Archives for July 2009
100 Years Ago Today
He could almost have taken off with those moustaches alone
He may have collapsed his undercarriage 100 years ago today, when he landed on these shores after his first-ever flight across the Channel, but Louis Blériot was a prototypical example of Homo volans. The whole adventure, with a damaged foot incurred before the flight, was an example of coming in on a wing and a prayer, and only just ahead of competitors whose names failed to register in the historical record. But he certainly looked the part.
Wilton Park
Arrival Stairway Towards sunset Herbaceous Greenhouse Church Wiston House Graveyard Farm tanks Path Roots Path 2 South Down Way Chanctonbury Ring Fort Beeches Panorama Panorama 2 Panorama 3 Fort disappearing On the way down
Down to Shoreham-by-Sea yesterday evening, then taxi out to Wilton Park to speak at their British-German Forum 2009. The theme: Can we shape capitalism to suit our future? Because I was speaking late today, after lunch I climbed up to Chanctonbury Ring – and its Iron Age hill fort, dating from around the 6th to 5th centuries BC. Had been raining earlier, which made the ground very muddy and slippery in places, but the sun was out and the ascent was a joy.

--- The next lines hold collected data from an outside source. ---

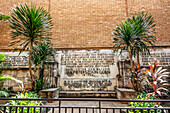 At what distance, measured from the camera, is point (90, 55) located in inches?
281

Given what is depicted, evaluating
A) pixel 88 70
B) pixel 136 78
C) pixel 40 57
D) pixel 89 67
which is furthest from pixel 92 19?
pixel 136 78

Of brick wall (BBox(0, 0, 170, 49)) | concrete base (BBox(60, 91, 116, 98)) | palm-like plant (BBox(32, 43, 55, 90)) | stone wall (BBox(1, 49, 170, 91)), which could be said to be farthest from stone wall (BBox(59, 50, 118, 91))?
palm-like plant (BBox(32, 43, 55, 90))

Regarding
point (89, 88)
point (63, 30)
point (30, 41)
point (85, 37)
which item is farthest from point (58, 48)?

Reaching the top of Chanctonbury Hill, it was glorious to turn onto the South Down Way and make my way across the saddleback to the fort. Don’t know who planted the beeches up there, but they’re a wonder. Long-haired types wandering around the fort with a giant metal detector, but I was rapt by the views across to the North Downs in the north – and to the sea in the south.
From up there, Wilton Park looked tiny – seen across the back of a whirling buzzard. Semi-miraculous to be receiving email on my BlackBerry so high above the landscape. And, now I think of it, to be listening tot h likes of Elbow and Leo Kottke (oddly, it’s Rings) as I type this in to my Mac Book Pro.

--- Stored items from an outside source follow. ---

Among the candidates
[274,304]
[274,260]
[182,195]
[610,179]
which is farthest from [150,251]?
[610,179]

Then back down to do my session – on the role of big business and on philanthrocapitalism – with Michael Green, co-author with Matthew Bishop of Philanthrocapitalism: How the rich can save the world and why we should let them. We agreed on most things – and the debate after our presentations was very energetic. Regretted having to head back to the station and back into London, where storm clouds were piling up in purple black meringues.

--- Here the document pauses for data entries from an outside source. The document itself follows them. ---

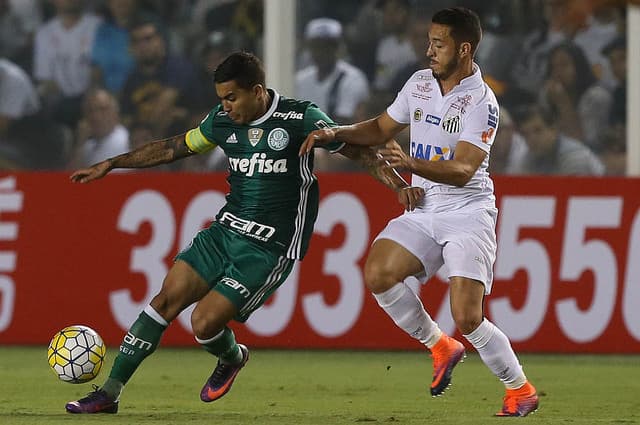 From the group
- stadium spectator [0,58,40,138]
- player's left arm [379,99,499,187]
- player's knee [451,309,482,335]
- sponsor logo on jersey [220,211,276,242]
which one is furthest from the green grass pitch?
stadium spectator [0,58,40,138]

From the Environment Foundation …
Windows Geoffrey Halina Supported Border 1 Tim Border 2 Ian Border 3 Kate Malcolm Ian 2
By train down to Newdigate, near Dorking, for a meeting of the Trustees of the Environment Foundation – hosted by Sir Geoffrey Chandler, a former Trustee, and his wife Lucy. Wonderful to deliberate the shift of focus of the Foundation as it morphs into the Foundation for Democracy & Sustainable Development under its Director, Halina Ward, as woodpeckers, nuthatches and tits queued to feed on the pergola outside the kitchen. An extraordinary proliferation of butterflies as we worked. Halina and her sister are working on a revamp of the Foundation’s website, which will reposition us in a pretty major way later in the year.
Not all the Trustees could make it: we had Malcolm Aickin, Ian Christie, Kate Burningham, Tim O’Donovan and myself, as Chairman. Later, as I waited at Dorking station with Halina, my phone went and it was the news I had been hoping from our C21 meeting last Monday. Invigorating.
Then back to London for the third birthday of Chinadialogue, held at the Institute for War & Peace Reporting in Gray’s Inn Road, which I attended with Sam, and where I took the picture below on the top floor, which captures some of my love of wood grain.
Facing the Future
Bad parent that I am, while Elaine went to Hania’s thirtieth birthday party, I found myself sitting in tropically warm, St James’s Palace, listening to Prince Charles on the Future – the latest Dimbleby Lecture.
While waiting under the Palace portico, I bumped into David Goodhart of our downstairs neighbours, Prospect magazine, who noted that 2 Bloomsbury Place was well represented. Later, sitting next to Jonathon Porritt in the audience, I wasn’t aware that we were being filmed, but very shortly after got a number of emails from people who had spotted me/us.
Sympathised with much of the speech, though at times felt it was uncomfortably self-referential, when the Prince is actually part of a much larger, non-HRH-branded set of movements. It also felt slightly weird to be lectured on the need to move beyond materialism and consumerism in a setting of such extraordinary opulence.
Overall, however, we are privileged to have him as a champion of these wonderfully diverse issues and causes, all of which – as he noted – are struggling to move from the fringes to the mainstream.